TensorFlow Serving is an open source serving system provided by Google for machine learning models. It simplifies and accelerates the process from model building to application production. TensorFlow Serving helps you deploy the trained machine-learning models online and allows you to call operations through a gRPC API. TensorFlow Serving also provides model updates and version management without any downtime. This significantly reduces the complexity of online management for model providers. Therefore, the model providers can focus on model optimization.

TensorFlow Serving is an online service, which requires you to consider issues in the following aspects: installation and configuration during deployment, load balancing, auto scaling, high availability, and rolling upgrade. Kubernetes provides rich experiences to solve these issues. You can utilize the built-in automation ability to reduce the operations and maintenance cost for TensorFlow Serving applications.
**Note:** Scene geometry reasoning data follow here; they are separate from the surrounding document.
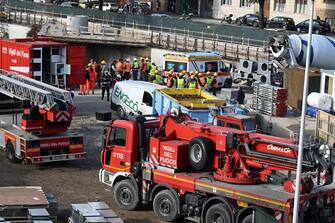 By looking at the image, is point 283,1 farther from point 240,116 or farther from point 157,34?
point 240,116

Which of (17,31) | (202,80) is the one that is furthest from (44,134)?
(17,31)

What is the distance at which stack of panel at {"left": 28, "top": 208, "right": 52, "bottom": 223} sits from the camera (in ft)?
49.4

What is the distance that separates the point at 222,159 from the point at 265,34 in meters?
27.0

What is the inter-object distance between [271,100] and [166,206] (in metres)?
13.2

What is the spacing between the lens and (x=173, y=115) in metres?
17.7

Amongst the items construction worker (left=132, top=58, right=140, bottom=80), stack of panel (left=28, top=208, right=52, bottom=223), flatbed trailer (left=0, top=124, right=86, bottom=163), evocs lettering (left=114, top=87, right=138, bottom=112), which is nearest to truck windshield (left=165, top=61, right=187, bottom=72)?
construction worker (left=132, top=58, right=140, bottom=80)

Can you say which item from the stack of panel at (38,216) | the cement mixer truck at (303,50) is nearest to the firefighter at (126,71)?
the stack of panel at (38,216)

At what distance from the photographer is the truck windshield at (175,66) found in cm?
3566

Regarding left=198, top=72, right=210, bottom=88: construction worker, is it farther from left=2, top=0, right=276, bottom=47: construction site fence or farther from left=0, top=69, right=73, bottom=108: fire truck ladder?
left=0, top=69, right=73, bottom=108: fire truck ladder

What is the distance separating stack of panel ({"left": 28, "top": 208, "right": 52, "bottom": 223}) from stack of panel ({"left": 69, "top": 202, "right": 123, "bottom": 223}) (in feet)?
2.17

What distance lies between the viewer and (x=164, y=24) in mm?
48406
This topic describes how to use the official Kubernetes package management tool Helm to prepare models, deploy TensorFlow Serving, and scale out the containers in Alibaba Cloud Container Service.

Prerequisites

Before running the model prediction tasks, make sure that the following tasks are finished:

  • Create a Kubernetes cluster that contains an appropriate number of elastic computing resources, such as ECS and Elastic GPU Service instances. For more information about how to create a Kubernetes cluster, see Create a gn5 Kubernetes cluster.
  • If you want to use Apsara File Storage NAS to store data for model training, you must create an Apsara File Storage NAS file system. Then, use the same account to create a persistent volume (PV) in the Kubernetes cluster and dynamically generate a persistent volume claim (PVC). The PVC is mounted as a local directory to the container that runs the training tasks. For more information, see Create an Apsara File Storage NAS data volume.
  • Use an SSH client to connect to the master node. For more information, see Access Kubernetes clusters by using SSH.

Step 1: Prepare models

You must prepare a persistent volume (PV) for TensorFlow Serving to load the prediction models. In Alibaba Cloud Container Service, you can create PVs based on an Apsara File Storage NAS file system, OSS bucket, and cloud disk. For more information, see Overview.

This section uses the Apsara File Storage NAS file system as an example to describe how to import data models.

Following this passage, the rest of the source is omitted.